• **Exercise directions**: Please, without any pictures, transcribe the lines from the one holding "Gold plated silver" to the end of the listing, both ends included.
□ □ □ □
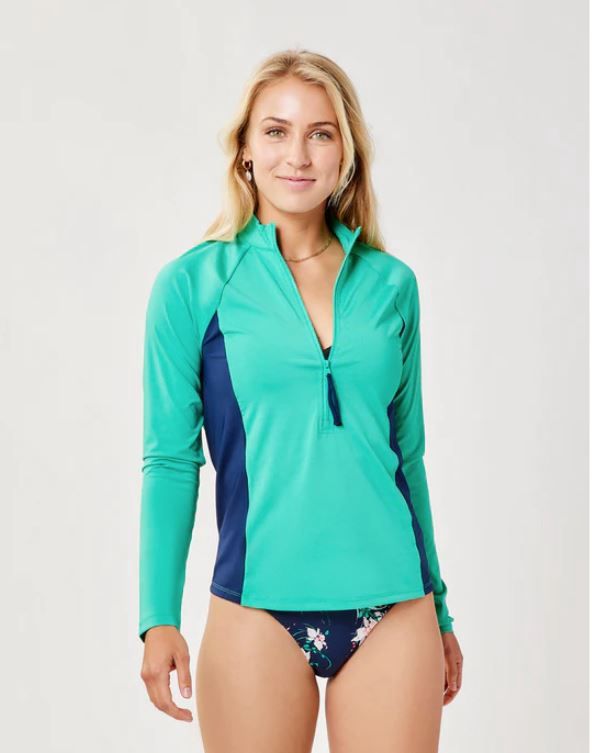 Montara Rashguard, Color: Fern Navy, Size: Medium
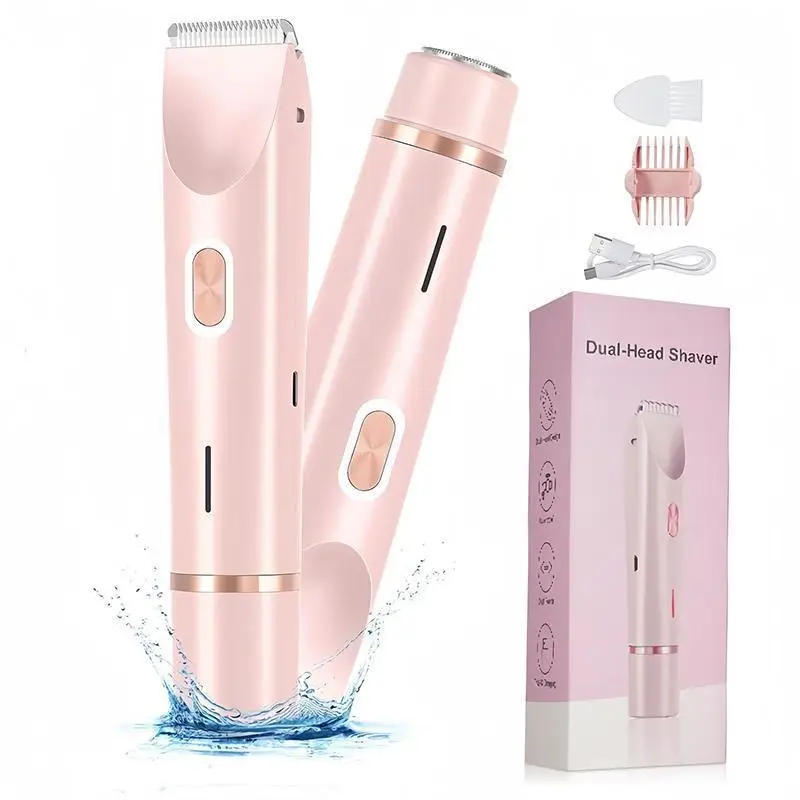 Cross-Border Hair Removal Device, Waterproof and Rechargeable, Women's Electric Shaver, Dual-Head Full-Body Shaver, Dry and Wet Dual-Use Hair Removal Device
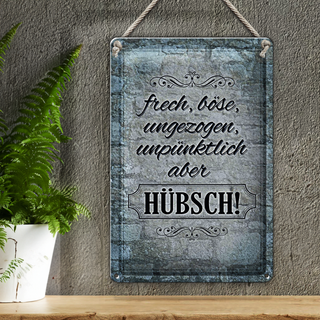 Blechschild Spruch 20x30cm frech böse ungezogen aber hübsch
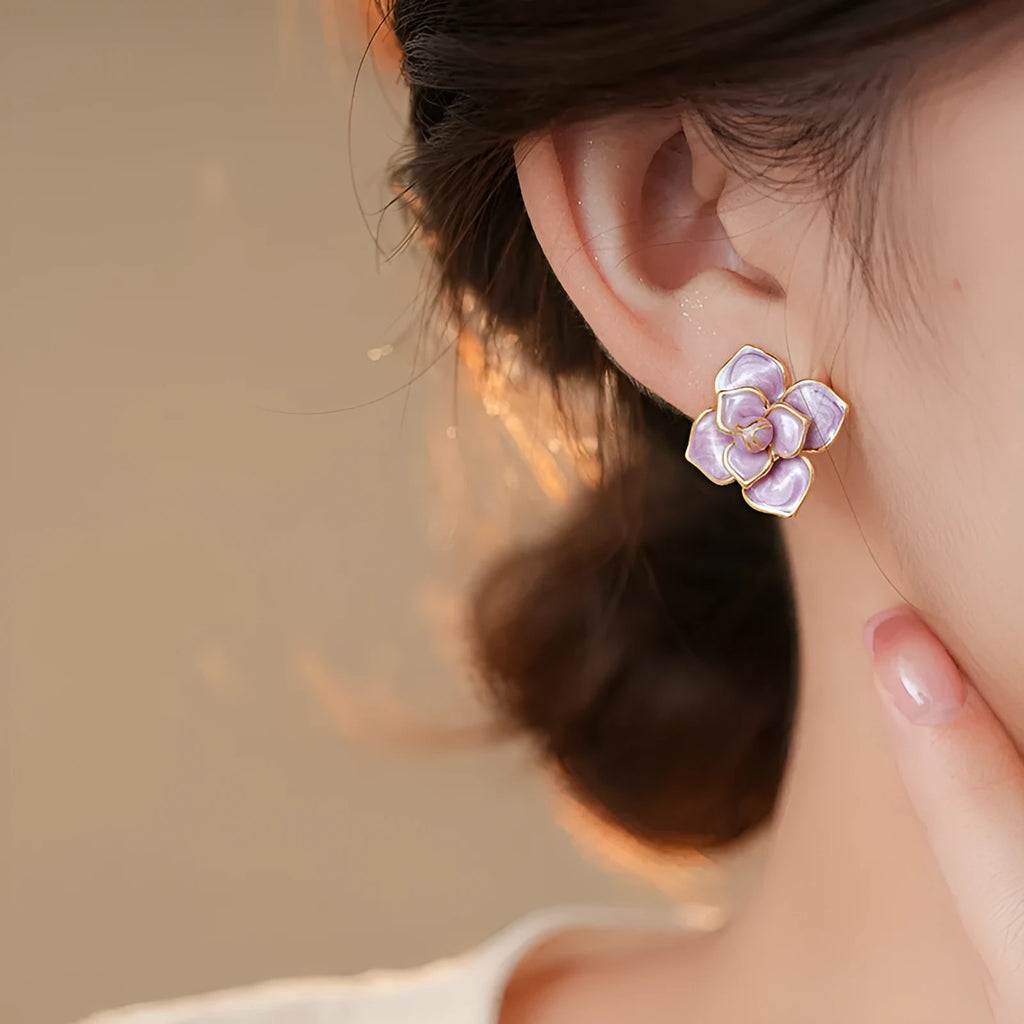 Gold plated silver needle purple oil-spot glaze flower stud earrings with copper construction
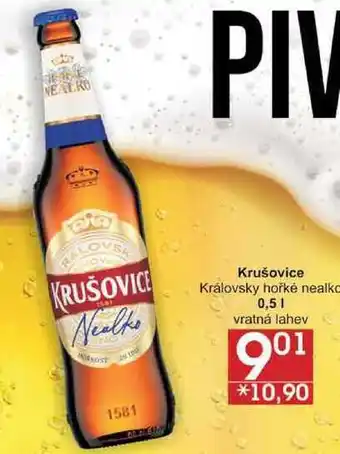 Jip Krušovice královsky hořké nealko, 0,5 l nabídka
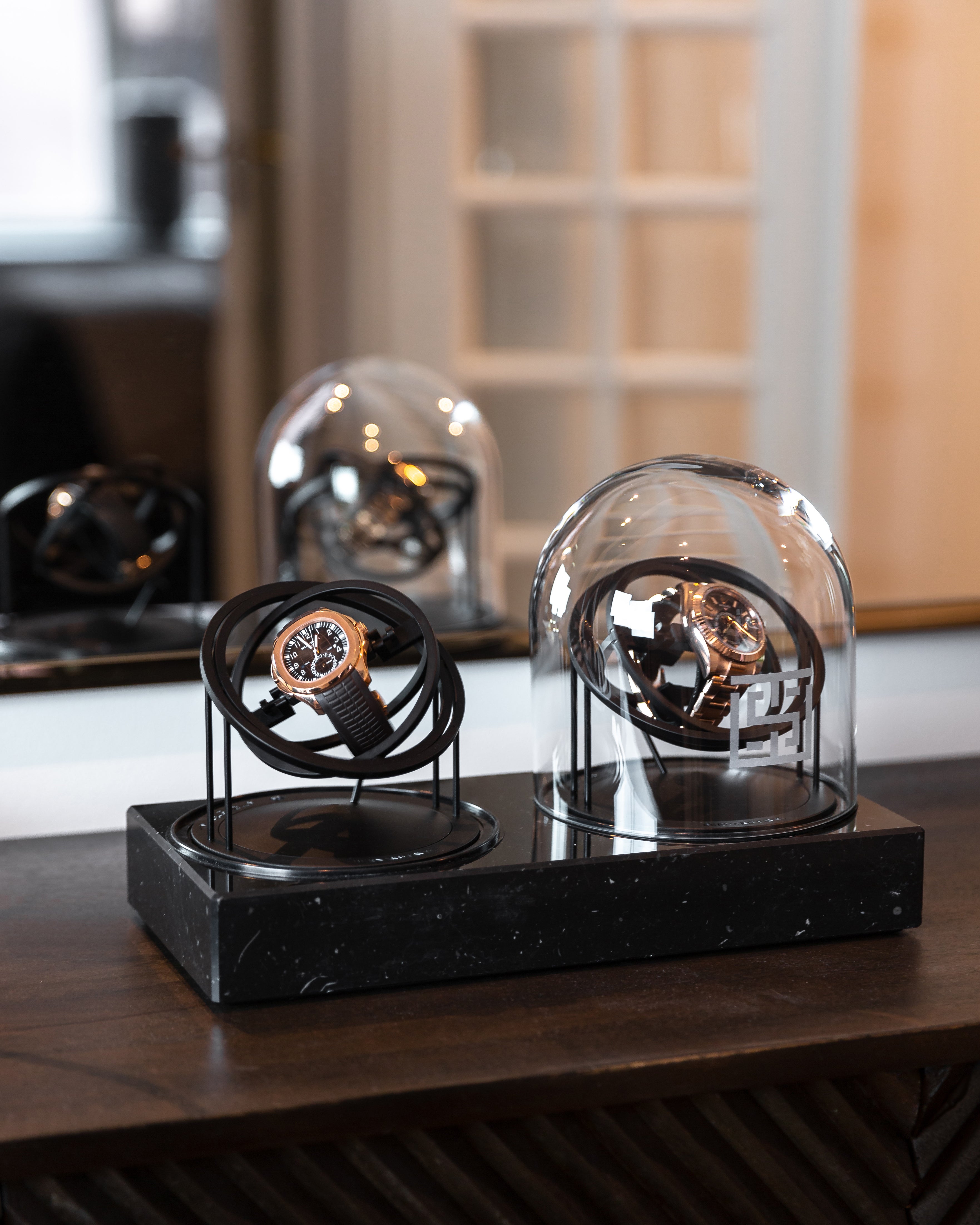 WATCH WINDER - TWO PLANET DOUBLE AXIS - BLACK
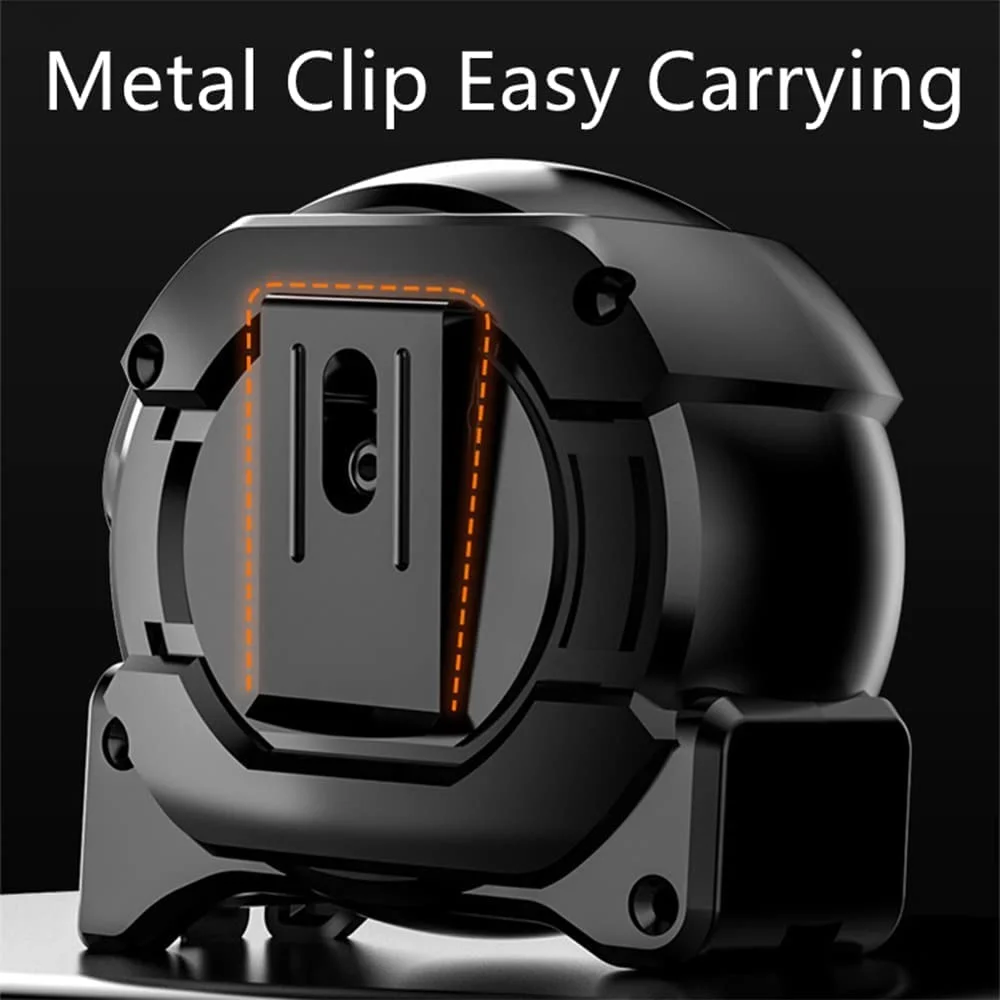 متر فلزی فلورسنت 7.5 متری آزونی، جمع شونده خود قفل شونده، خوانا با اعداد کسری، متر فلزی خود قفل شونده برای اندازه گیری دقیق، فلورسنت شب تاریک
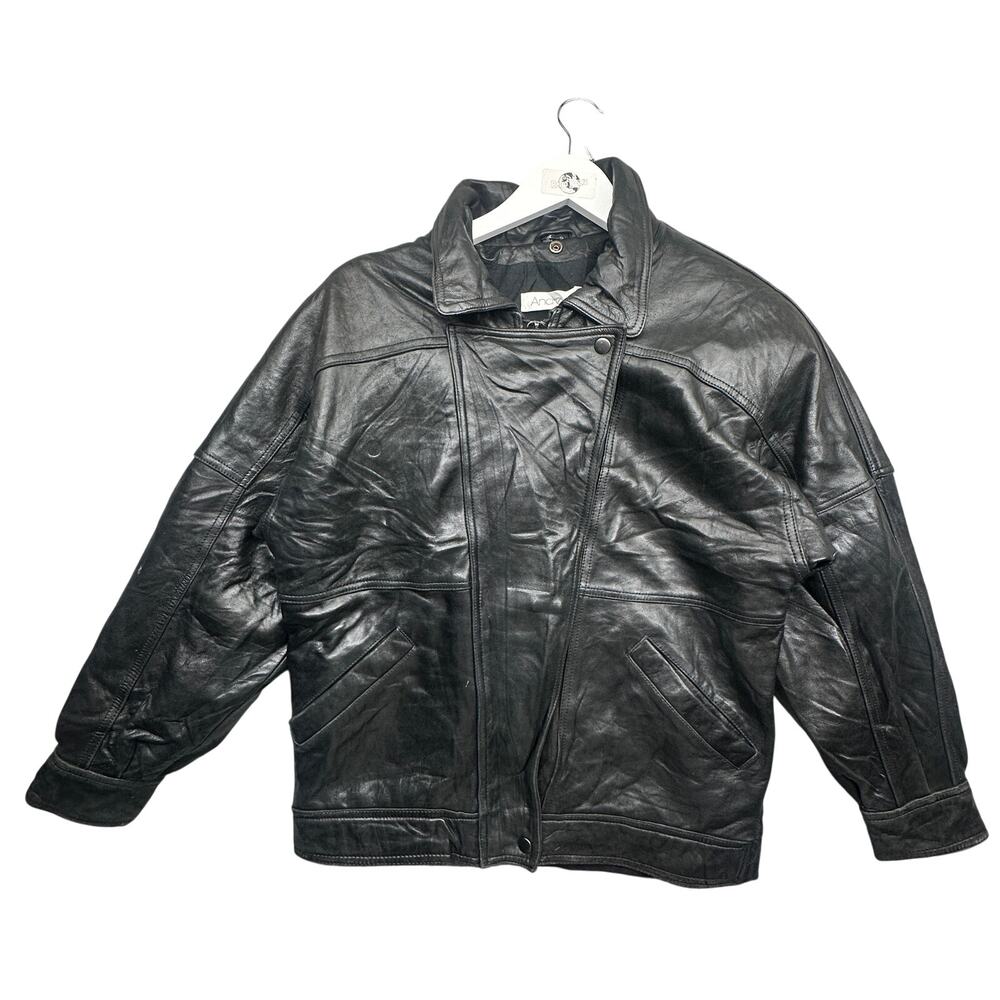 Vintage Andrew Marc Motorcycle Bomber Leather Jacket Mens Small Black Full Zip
□ □ □ □
• **Your response**:
 Gold plated silver needle purple oil-spot glaze flower stud earrings with copper construction
 Jip Krušovice královsky hořké nealko, 0,5 l nabídka
 WATCH WINDER - TWO PLANET DOUBLE AXIS - BLACK
 متر فلزی فلورسنت 7.5 متری آزونی، جمع شونده خود قفل شونده، خوانا با اعداد کسری، متر فلزی خود قفل شونده برای اندازه گیری دقیق، فلورسنت شب تاریک
 Vintage Andrew Marc Motorcycle Bomber Leather Jacket Mens Small Black Full Zip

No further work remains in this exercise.